The NWC chairwoman, Ms Noreen Byrne, said at the publication of a research study on child-care facilities in different parts of Ireland on Saturday that child care in Ireland was in crisis. There is at present no Government commitment to a long-term child-care strategy, she said.
Introducing the study, Ms Mary Wallace, the Minister of State at the Department of Justice, Equality and Law Reform, said Government action would have to wait for the report in December of the broad-based Expert Working Group on child care, established by the Government last year.
Ms Byrne said there was an urgent need for core Government funding to operate child-care facilities such as the four largely EU-funded projects which were the subject of the study, carried out for the NWC by the Centre for Women's Studies at Trinity College Dublin.
The four projects studied were: women's centres and creches in Ronanstown, Co Dublin, and Cork city; a mobile bus creche in west Limerick; and an Irish-speaking creche in the Connemara Gaeltacht in Co Galway.
Ms Byrne pointed to an "excessive dependence" on Community Employment Scheme workers in child-care facilities, due to lack of full-time staff. This staffing arrangement would be at serious risk if the Government went ahead with the cutbacks suggested in a report from the Tanaiste, Ms Harney.

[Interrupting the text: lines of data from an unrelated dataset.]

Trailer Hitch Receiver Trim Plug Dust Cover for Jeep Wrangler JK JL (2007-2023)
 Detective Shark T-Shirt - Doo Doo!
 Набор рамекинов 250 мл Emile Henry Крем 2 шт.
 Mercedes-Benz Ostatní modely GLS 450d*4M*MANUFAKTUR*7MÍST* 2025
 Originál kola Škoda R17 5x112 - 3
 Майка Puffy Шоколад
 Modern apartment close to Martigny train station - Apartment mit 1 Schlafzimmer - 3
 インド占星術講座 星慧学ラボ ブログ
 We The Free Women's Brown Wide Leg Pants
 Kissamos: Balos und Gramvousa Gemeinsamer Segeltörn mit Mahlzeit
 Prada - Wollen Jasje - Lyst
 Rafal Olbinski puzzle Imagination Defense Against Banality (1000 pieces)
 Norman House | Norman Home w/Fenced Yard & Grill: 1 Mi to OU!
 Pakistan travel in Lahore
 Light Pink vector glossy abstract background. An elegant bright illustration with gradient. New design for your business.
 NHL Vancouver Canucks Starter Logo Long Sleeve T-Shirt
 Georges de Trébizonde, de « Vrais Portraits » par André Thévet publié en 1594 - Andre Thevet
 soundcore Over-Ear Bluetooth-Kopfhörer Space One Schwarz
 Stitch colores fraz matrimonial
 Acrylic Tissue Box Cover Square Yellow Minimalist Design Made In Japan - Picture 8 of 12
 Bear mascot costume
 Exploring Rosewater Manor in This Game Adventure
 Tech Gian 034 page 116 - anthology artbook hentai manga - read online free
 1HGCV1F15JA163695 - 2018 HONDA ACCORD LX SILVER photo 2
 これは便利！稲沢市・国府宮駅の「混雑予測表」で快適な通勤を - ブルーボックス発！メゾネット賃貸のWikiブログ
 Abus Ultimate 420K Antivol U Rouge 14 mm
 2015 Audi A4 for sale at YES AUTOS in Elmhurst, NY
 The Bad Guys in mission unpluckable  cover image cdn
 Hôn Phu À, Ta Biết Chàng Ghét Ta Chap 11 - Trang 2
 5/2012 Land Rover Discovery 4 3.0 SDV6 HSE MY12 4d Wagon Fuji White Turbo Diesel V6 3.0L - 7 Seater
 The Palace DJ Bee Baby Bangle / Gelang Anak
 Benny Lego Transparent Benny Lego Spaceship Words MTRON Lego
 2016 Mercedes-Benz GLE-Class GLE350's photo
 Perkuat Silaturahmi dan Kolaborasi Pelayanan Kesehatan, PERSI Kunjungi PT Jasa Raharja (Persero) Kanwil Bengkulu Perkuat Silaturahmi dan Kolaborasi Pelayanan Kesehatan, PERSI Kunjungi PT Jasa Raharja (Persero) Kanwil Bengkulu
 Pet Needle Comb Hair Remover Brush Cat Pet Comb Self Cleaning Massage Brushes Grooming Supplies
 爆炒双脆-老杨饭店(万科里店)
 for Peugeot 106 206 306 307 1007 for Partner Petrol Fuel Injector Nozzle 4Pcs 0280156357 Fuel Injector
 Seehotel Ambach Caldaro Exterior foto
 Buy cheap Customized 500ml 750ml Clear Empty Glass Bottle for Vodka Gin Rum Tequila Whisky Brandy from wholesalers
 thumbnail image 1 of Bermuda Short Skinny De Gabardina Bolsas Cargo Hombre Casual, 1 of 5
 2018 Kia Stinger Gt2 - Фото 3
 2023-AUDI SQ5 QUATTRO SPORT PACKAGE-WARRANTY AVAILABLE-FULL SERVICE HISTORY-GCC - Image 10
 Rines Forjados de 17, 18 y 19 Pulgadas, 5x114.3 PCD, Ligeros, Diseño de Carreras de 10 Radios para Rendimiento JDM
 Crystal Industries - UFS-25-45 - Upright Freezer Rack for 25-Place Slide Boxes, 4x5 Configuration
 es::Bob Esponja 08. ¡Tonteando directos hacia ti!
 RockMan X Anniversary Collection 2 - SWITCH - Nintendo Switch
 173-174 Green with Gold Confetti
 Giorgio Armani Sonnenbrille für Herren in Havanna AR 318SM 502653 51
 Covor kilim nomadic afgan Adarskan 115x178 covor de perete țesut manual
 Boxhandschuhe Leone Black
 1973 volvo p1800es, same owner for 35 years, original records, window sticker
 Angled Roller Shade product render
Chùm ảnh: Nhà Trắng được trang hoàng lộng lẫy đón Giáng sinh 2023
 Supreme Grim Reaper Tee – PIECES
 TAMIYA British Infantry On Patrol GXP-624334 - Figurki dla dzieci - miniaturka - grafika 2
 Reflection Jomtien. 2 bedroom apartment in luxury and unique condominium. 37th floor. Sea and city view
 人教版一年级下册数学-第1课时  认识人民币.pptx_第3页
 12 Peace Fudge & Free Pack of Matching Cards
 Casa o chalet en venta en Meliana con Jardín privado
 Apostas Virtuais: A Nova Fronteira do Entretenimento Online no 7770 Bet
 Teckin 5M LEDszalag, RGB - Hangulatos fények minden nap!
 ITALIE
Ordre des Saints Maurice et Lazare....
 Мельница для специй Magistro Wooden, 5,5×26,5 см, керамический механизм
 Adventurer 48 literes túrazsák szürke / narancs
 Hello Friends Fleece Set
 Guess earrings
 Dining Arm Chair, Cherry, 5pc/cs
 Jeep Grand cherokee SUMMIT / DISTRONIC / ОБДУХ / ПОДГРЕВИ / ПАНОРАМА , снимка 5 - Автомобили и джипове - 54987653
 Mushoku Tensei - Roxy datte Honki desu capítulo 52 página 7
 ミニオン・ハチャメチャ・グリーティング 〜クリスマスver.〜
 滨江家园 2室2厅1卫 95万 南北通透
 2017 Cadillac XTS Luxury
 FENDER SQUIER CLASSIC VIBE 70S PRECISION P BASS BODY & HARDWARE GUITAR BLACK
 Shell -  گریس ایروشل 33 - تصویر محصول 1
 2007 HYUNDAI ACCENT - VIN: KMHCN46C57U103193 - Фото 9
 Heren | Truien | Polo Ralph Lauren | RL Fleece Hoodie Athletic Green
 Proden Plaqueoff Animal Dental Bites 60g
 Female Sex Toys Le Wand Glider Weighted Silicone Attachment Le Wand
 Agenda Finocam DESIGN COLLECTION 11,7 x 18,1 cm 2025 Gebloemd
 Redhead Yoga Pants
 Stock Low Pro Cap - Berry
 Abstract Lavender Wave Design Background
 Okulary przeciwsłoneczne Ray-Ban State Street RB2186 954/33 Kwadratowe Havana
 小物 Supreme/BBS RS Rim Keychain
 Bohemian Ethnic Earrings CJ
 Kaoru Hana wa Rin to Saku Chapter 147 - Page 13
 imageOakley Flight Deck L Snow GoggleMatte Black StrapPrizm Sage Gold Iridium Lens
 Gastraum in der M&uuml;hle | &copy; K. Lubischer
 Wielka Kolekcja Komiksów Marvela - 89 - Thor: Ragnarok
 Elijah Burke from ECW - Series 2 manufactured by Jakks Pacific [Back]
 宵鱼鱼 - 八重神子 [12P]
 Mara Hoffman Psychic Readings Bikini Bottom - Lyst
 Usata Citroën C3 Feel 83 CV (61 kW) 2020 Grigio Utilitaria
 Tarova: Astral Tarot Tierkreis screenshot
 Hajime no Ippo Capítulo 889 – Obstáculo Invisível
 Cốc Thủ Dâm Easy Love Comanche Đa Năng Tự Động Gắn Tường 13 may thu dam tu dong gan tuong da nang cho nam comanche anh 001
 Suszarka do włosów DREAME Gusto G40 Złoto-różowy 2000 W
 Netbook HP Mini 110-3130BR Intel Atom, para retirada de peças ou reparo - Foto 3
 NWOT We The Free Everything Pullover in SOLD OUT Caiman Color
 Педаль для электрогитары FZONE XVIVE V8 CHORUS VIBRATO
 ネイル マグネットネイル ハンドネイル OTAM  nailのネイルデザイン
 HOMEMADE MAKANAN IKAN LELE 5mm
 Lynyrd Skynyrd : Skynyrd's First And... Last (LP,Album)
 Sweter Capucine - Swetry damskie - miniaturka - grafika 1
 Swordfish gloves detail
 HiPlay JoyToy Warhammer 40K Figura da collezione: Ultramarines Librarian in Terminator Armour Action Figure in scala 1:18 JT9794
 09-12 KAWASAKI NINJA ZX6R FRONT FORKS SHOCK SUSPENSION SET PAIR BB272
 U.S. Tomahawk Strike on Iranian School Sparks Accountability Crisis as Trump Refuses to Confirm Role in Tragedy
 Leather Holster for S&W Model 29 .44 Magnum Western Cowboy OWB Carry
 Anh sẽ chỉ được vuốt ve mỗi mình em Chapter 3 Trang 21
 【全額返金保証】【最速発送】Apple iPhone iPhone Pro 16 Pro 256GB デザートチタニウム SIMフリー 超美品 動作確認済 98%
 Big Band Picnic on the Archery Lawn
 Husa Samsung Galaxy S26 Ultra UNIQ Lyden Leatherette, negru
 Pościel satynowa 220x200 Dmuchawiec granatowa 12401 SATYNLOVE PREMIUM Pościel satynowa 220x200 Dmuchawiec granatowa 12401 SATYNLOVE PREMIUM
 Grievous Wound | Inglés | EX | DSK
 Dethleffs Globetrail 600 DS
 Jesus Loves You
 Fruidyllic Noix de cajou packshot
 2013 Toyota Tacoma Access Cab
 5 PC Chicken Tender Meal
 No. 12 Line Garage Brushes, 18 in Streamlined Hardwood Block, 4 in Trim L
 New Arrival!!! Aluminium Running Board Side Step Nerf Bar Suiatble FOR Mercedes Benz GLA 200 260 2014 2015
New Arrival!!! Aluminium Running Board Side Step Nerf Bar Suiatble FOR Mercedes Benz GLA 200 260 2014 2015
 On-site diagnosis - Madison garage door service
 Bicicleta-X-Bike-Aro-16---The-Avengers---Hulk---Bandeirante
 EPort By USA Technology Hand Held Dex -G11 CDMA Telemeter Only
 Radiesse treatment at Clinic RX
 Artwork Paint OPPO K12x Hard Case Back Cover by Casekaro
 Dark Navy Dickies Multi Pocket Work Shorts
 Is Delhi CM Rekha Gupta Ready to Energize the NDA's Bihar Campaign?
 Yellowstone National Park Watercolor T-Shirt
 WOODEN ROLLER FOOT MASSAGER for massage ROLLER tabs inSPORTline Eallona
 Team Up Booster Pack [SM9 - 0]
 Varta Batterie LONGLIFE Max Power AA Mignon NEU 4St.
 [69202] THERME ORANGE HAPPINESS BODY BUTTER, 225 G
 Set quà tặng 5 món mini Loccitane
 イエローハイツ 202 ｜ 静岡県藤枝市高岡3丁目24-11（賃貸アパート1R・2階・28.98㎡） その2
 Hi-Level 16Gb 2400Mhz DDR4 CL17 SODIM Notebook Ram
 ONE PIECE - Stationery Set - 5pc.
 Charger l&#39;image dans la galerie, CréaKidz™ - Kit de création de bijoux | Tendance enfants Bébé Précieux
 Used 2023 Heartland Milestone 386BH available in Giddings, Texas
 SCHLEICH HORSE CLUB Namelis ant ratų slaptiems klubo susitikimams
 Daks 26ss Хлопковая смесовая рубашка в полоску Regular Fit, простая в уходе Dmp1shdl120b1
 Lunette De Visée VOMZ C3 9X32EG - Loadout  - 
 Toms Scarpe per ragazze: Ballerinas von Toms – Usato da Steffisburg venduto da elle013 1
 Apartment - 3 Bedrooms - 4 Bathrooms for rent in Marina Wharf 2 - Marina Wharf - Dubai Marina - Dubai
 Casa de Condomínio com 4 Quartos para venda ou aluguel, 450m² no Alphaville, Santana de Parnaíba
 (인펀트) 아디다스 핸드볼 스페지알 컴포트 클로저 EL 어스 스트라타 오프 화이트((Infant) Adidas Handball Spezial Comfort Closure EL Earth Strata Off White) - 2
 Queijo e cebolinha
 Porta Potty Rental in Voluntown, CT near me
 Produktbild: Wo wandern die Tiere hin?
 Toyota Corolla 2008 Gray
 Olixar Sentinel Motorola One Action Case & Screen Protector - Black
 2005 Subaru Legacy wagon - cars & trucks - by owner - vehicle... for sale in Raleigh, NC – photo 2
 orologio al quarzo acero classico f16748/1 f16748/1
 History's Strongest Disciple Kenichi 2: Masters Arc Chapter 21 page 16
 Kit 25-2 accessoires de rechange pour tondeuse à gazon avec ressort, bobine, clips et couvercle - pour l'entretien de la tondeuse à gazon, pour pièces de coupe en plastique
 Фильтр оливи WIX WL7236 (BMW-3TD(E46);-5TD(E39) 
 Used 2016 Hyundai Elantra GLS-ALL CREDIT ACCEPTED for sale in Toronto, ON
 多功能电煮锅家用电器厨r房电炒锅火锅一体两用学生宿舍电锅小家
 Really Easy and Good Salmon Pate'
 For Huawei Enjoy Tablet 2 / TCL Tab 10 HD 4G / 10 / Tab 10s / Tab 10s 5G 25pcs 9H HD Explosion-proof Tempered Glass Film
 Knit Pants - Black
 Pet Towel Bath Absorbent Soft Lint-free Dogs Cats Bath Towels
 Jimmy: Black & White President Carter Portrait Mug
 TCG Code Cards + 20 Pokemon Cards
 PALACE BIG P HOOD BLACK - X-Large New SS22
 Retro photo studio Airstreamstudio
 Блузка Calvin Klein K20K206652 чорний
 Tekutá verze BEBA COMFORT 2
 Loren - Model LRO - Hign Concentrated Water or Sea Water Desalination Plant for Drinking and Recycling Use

The study made a number of recommendations which the NWC hope the Government will adopt as the basis of a national child-care framework. These include statutory core funding for affordable and accessible child care; State funding of community child-care facilities as an employment-providing opportunity; State-funded in-service training and a standardised accreditation system for child-care workers; a guaranteed percentage of EU structural funds to be set aside for child care; and Government incentives to employers to provide flexible working time for parents wanting to work outside the home.